Of the over 7billion people on Earth, more than 600million are 65 and older. This group is expected by 2020 to be larger than the number of children younger than 5. Ageing is a risk factor for many conditions, such as blood cancer, so we can foresee that ageing countries should prepare to deal with the consequences in health care.
The blood system, also called the haematopoietic system, is responsible for producing blood cells throughout a person’s life. With age, its function declines.
All blood cells derive from a hierarchical system, with common ancestor cells, called haematopoietic stem cells, at its apex. These cells supply all types of blood cells that we need, including different types of immune cells.
As we age, blood stem cells become less able to perform well. This results in a decreased ability to fight infections and increased incidence of blood cancer in the over-65 population.

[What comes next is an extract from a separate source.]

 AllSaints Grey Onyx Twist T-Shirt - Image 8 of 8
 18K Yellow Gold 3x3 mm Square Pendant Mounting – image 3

Older patients are also frequently not good candidates for bone marrow transplant, the cure for many blood disorders. This is because of a higher degree of complications after transplant, which is also limited by having enough numbers of stem cells to reconstitute the haematopoietic system in an adult. Therefore, strategies to support blood stem cell recovery are needed to expand the pool of possible bone marrow transplant recipients.

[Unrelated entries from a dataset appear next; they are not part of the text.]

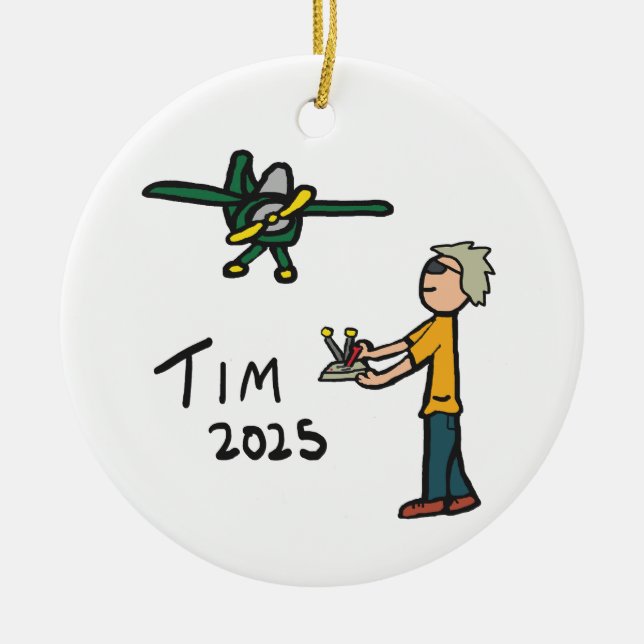 RC Airplane - Tim Ceramic Tree Decoration (Front)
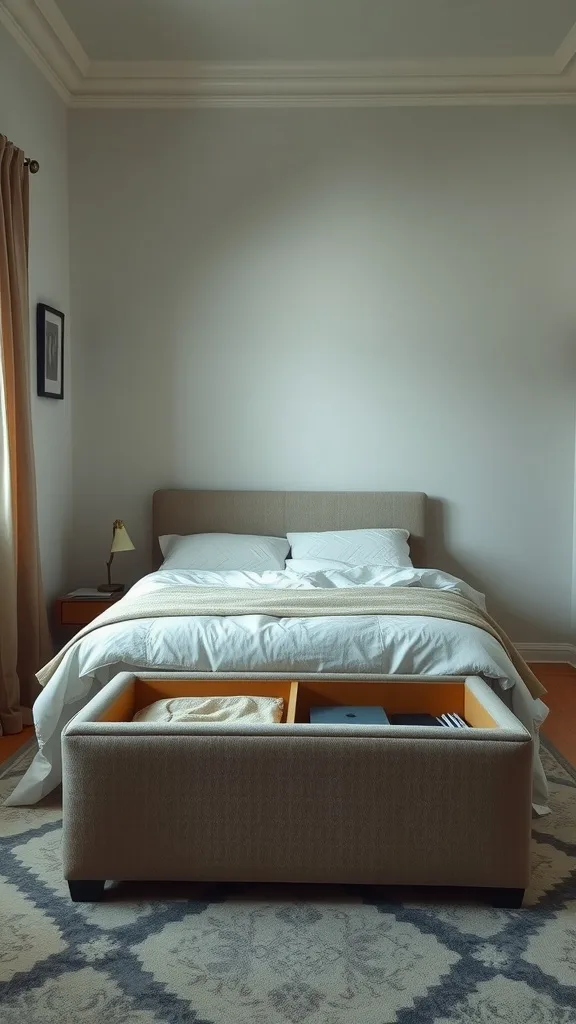 A cozy bedroom featuring a bed, a storage ottoman at the foot, and warm lighting.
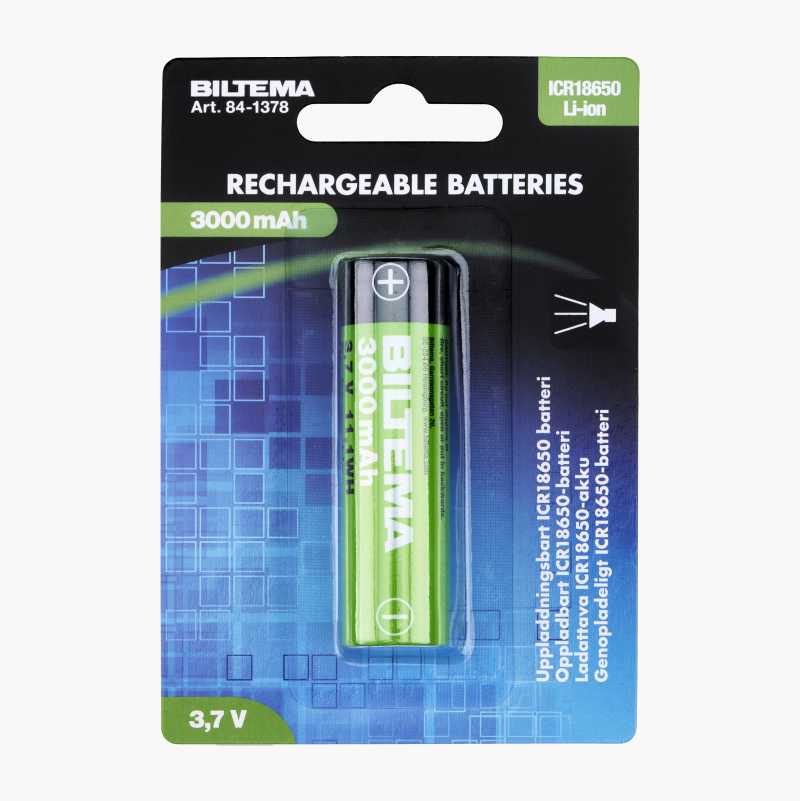 Oppladbart ICR18650-batteri, 3000 mAh v:6373158 Oppladbart ICR18650-batteri, 3000 mAh v:6373158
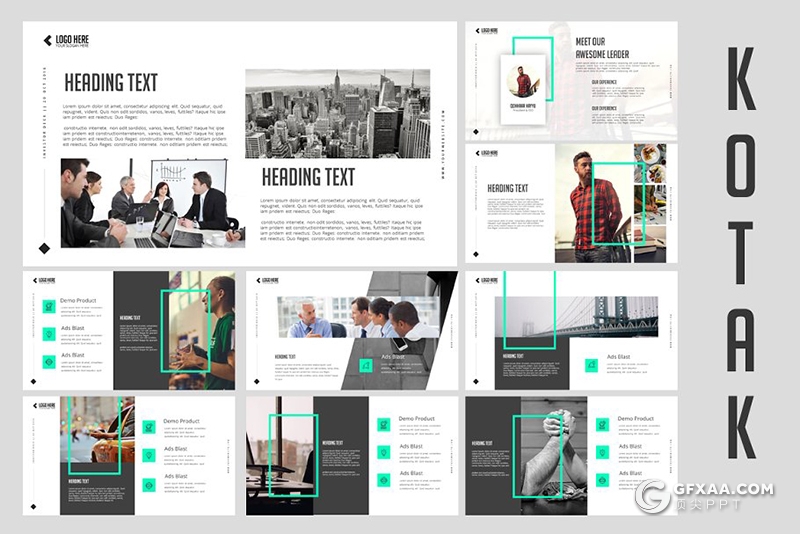 54页国外简约绿色商务团队会员项目介绍多用途PPT模板 - 顶尖PPT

Blood vessel cells, or endothelial cells, are a particular cell type that lines the inside of blood vessels. They contribute to form arteries, veins and capillaries. For a long time, endothelial cells have been perceived as a passive conduit for blood.
However, in recent years, scientists have seen a new role for these cells. They discovered that blood vessel cells actively sustain nearby stem cells and guide organ regeneration.
So we can think of blood vessel cells being like active supporters lined up along a cyclist’s race. This dynamic role has been found to be true for many organs, including the one responsible for making new blood cells, the bone marrow.
In the marrow, blood stem cells are found in close contact with blood vessels cells, which provide many types of substances, such as KIT ligand that stem cells need to keep performing at their best.
As we get older, endothelial cell supportive function declines and they become dysfunctional. They can still perform the basic function of architectural support for blood flow, but they are less able to support nearby stem cells.
A study from Weill Cornell Medical College shows that older blood vessel cells made young blood stem cells act old. Led by Dr Jason Butler and Dr Michael Poulos, the research isolated blood vessel cells from young or old mice and grew them in petri dishes with blood stem cells.
The young blood stem cells bias showed a tendency toward producing more of one type of immune cells, myeloid cells, which is a hallmark of ageing.
In a complementary experiment in the study, the youngster cells rejuvenated the old ones. The team found out that the rejuvenated old cells were able to create a healthy blood system when transplanted back into mice.
The group then gave mice a strong dose of whole body radiation, similar to what patients undergo prior to bone marrow transplant. Then, they infused the mice with endothelial cells isolated from young mice. They found that the blood vessel infusions enhanced the recovery of the haematopoietic system and restored blood stem cell function in aged mice.
When the team modelled a bone marrow transplant on the mice, the mice infused with endothelial cells regained a healthy blood system, even if the number of blood stem cell transplanted was sub-optimal.
The study shows that young blood vessels can potentially rejuvenate blood stem cell functions, and mitigate the effects of medically induced stress, such as radiation therapy. The endothelial cells also protected other organs affected by radiation throughout the body, including the gut, skin, spleen and liver.
This global protection has many potential benefits for those undergoing cancer therapy, Butler said. Those benefits include a shorter recovery time, less susceptibility to infections and lower the number of blood stem cells needed to achieve a successful transplant. The infusion of endothelial cells could thus lower the complication rates for elderly patients, Butler said.
At this time several groups are exploring endothelial cells as support strategy for blood stem cells in mice and primates.
Researchers agree on two relevant issues that will influence the clinical application of these findings.
First, the infused blood vessel cells stick around transiently, which means lower chances of any potential toxic or unwanted side effect.
Second, the infusions would work as an adjunct therapy for clinical protocols already in place. This could potentially speed up the clinical translation of these findings.
“The bullets are already there; this is a better one,” said Poulos.